Despite the important role information plays in ensuring that farmers are abreast with innovative farming practices, access to Climate smart Agricultural (CSA) information is low in rural areas in Ghana. However, in the Pru District, an essential area of concern that has not been given due exploration is a comparison of rural female and male farmers' access to information in order to ascertain whether they have equal access to CSA information or there is a gender differential in this regard. Using a mixed method approach, the study sought to analyse rural farmers' access to CSA information in the Pru District of Ghana and ascertain whether there are gender differences in access to CSA information and the factors accounting for that. Both quantitative and qualitative data were collected from 133 male and 139 female farmers for the study. Using the Statistical package for Social Sciences (SPSS) software, both inferential and descriptive statistics were used to analyse the quantitative data while the qualitative data was analysed by employing Dey's (1993) three steps processes of qualitative data analysis.
The study revealed that the major source of CSA information for both male and female farmers is government extension officers. The major channel through which the extension officers transfer CSA information to female farmers is farm visit by the extension officers. The major channel for male farmers is farmers' visit to the extension officers' office. However, both male and female farmers preferred extension officers to transfer CSA information to them through farm visit by extension officers. The study also revealed that there is a poor level of CSA information dissemination in the Pru District. However, there is a gender differential in access to CSA information among farmers in the Pru District, which is biased towards men. Male farmers have more access to CSA information than female farmers because female farmers are not involved in deciding meeting schedules with extension officers, female farmers miss extension
programs because of their numerous farm and off-farm duties, cultural norms that limit female farmers from interacting with strangers for information, and female farmers could not afford to regularly visit extension officers' office for CSA information.
The study therefore recommends that extension officers should involve female farmers in deciding meeting schedules, there should be social and economic empowerment programs to help female farmers access CSA information through diverse means such as radio and television, and there should be campaigns by the government and NGOs to eradicate cultural norms that limit women's mobility as they make efforts to access CSA information. The study again recommends that the Ministry of Food and Agriculture (MoFA) must strengthen its extension department by increasing the number of extension officers and logistics so that the officers can regularly and easily visit farmers on their farms to deliver information on CSA practices.
Agriculture is currently undergoing significant transformation to meet food demands under the realities of climate change.

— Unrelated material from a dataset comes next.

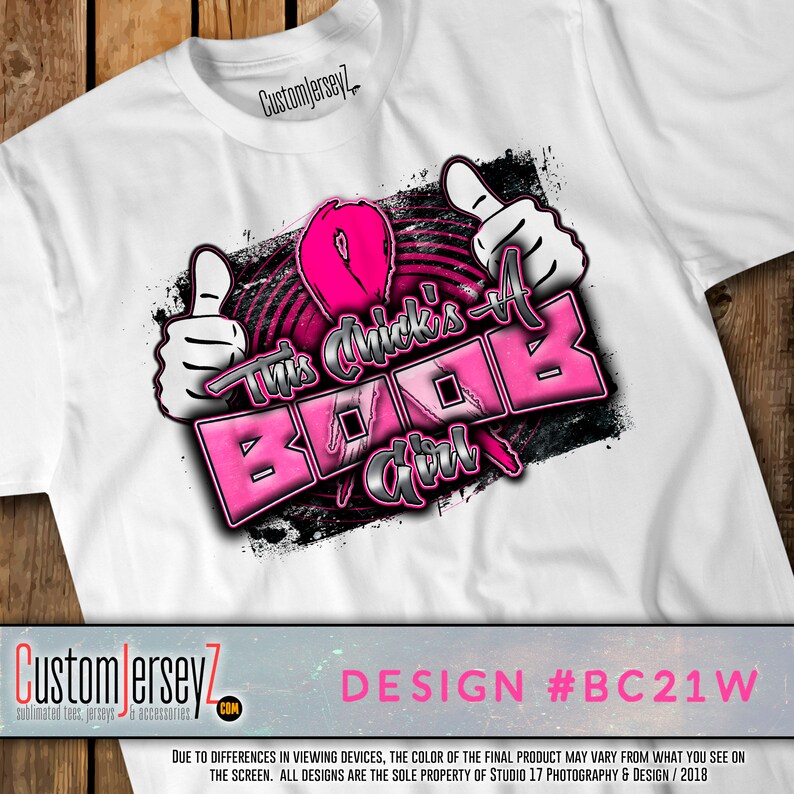 dri fit breast cancer shirts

Without doubt, this effort will bring into focus the important role that information plays in creating awareness and enabling farmers to adopt innovative practices for increasing production levels. Based on food consumption patterns and population growth, food production needs to increase by 70% or more in order for food demands to be met by 2050 (Ashish et al., 2017). This is a huge task as climate change is expected to reduce food production and therefore threaten the capacity of agriculture to feed the ever increasing population of the globe, especially in developing countries where additional 2.4 billion people are expected by 2050, concentrated in Sub-Saharan Africa and South Asia (Leslie et al., 2014). Climate change has already reduced global yields of maize by 3.8% and wheat by 5.5% (Leslie et al., 2014). Across Africa, wheat yields are estimated to drop by 17% and maize by 5% before 2050 (Knox et al., 2012).

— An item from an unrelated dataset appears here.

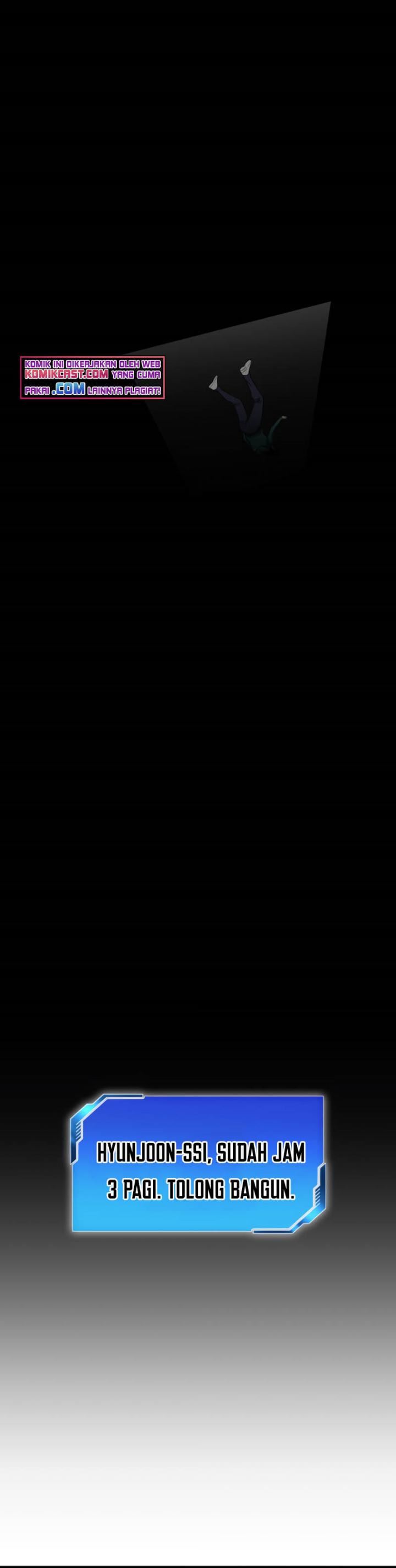 image-komik-perfect-surgeon-chapter-9-38/41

The devastating impacts of climate change have necessitated agriculture to depend more on the transfer of information regarding weather trends and best farm practices. Information dissemination regarding these areas aids farmers to plan their farm activities in order to adapt to the devastating effects of climate change on crop yield. For instance, farmers' access to information regarding rainfall and temperature patterns, crops to plant, market price of farm produce, where to buy farm inputs, where to get credit, how to operate farm tools, how to apply
fertilizer etc. are very crucial in enhancing the farmer's output levels and resilience to climate change.